Die Erfahrung aus Kansas City half ihm. Beim zweiten Camp kannte der Deutsche Abläufe wie Meetings, Walkthrough und Film bereits besser. Auch der Austausch mit den Coaches war bei den Giants direkter, weil im O-Line-Room deutlich weniger Spieler saßen.
Gleichzeitig lernte Lepper auch die nüchterne Seite der NFL kennen. Nach dem Camp in Kansas City blieb kaum Zeit für individuelles Abschlussfeedback. Die Coaches erklärten, dass nun vor allem das Front Office entscheidet. Kurz darauf mussten die Spieler ihre Sachen abgeben und zum Bus Richtung Flughafen.

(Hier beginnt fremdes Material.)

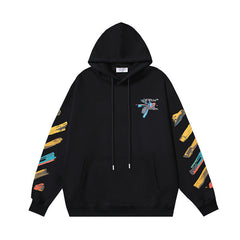 OW graffiti paint print pattern pullover hooded sweater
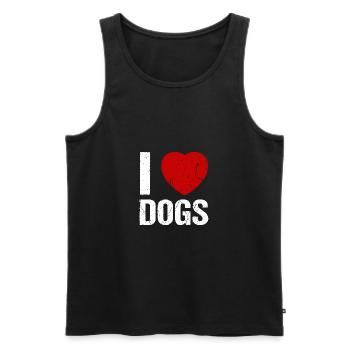 I love Dogs Dog Love Heart Dogs - Men's Premium Organic Tank Top - black - Front - Michal (187cm)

Für den 23-Jährigen ist das Teil des Geschäfts: hart, aber nachvollziehbar. Wie es weitergeht, war zum Zeitpunkt des Gesprächs noch offen. Von den Coaches habe er solides bis gutes Feedback erhalten, mit den Giants konnte er sich etwas intensiver austauschen. Sein Plan bleibt klar: weiter trainieren, bereit bleiben, abwarten.
In seiner Abizeitung schrieb Lepper einst, dass er sich später in der ELF oder NFL sehe. Die ELF erreichte er schneller als gedacht. Nun stehen zwei NFL-Rookie-Minicamps in seinem Lebenslauf. Was sein 18-jähriges Ich als Football Rookie dazu sagen würde? "Da müsste er sich, glaube ich, erstmal kurz hinsetzen", meint er lächelnd.